Alaska Gov. Sean Parnell (R) previously described the move toward a larger-diameter pipe as "a simple answer to a complex question about how to lower the cost of getting Alaska's gas to Alaskans: Get more gas in the pipe (OGJ, Jan. 28, 2013, p. 14)."

The larger diameter will allow enough gas to be shipped to both meet the state's needs and still have material for export, while creating the economies of scale necessary to maximize project efficiency and reduce costs.

EPP to build Gulf Coast ethane export plant

Enterprise Products Partners LP (EPP) plans to build a fully refrigerated ethane export plant on the Texas Gulf Coast. EPP has executed long-term contracts to support the development, designed to have an aggregate loading rate of about 10,000 bbl/hr, or as much as 240,000 b/d. EPP expects the plant, which it describes as the largest in the world, to begin operations in third-quarter 2016.

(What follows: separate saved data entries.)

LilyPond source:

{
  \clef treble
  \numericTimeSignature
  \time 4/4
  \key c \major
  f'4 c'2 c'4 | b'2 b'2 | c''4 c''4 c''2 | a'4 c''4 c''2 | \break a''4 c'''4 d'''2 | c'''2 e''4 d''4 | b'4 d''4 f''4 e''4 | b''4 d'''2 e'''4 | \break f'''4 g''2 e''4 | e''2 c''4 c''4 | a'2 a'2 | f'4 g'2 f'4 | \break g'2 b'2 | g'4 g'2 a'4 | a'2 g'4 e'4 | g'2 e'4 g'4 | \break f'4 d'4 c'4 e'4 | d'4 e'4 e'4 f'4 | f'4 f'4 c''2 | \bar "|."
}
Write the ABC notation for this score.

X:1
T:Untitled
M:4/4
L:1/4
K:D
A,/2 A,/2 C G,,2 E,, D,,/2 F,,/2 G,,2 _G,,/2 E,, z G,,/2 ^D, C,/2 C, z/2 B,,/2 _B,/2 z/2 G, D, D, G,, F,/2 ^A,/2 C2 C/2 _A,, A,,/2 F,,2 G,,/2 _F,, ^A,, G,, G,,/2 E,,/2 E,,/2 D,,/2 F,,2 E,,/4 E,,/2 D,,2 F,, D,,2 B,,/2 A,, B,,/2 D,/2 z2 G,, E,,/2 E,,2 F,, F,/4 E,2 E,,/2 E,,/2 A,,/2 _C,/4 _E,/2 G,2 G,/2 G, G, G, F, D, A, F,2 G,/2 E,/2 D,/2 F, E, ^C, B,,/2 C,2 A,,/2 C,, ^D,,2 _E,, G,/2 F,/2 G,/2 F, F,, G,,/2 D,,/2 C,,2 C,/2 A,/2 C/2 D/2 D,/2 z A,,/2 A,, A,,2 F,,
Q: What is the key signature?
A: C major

EPP will integrate the plant with its Mont Belvieu complex, which includes more than 650,000 b/d of NGL fractionation capacity and 100 million bbl of NGL storage. The company brought its eighth Mont Belvieu fractionator online late last year, bringing its system-wide capacity to more than 1 million b/d (OGJ Online, Nov. 19, 2013).

The company estimates that US ethane production exceeds US demand by 300,000 b/d and that this surplus could reach 700,000 b/d by 2020, even after estimated incremental demand from planned ethylene production. A recent study by Simmons & Co., however, sees ethane rejection peaking at 545,000 b/d in 2015 and general oversupply remaining through 2016, after which the 2017 startup of seven petrochemical plants increases consumption by 520,000 b/d and absorbs incremental supply (OGJ Online, Sept. 1, 2013).

Turkey, Gazprom mull Blue Stream capacity increase

Turkey and OAO Gazprom have discussed a possible increase in natural gas capacity of the Blue Stream gas pipeline to 19 billion cu m/year from 16 bcm/year. Blue Stream, which extends through the Black Sea, handles more than half of all gas purchased by Turkey from Russia. Gazprom said an increase in capacity would not require laying additional strings.

Turkey is Gazprom's second-largest sales market in Europe behind Germany. Gazprom supplied Turkey with 26.7 bcm of gas in 2013. Russian gas also is supplied to Turkey through the Trans-Balkan gas line.

The relationship in the gas sector between the two countries dates back to 1984, when Turkey and the then-Union of Soviet Socialist Republics signed the gas supply agreement.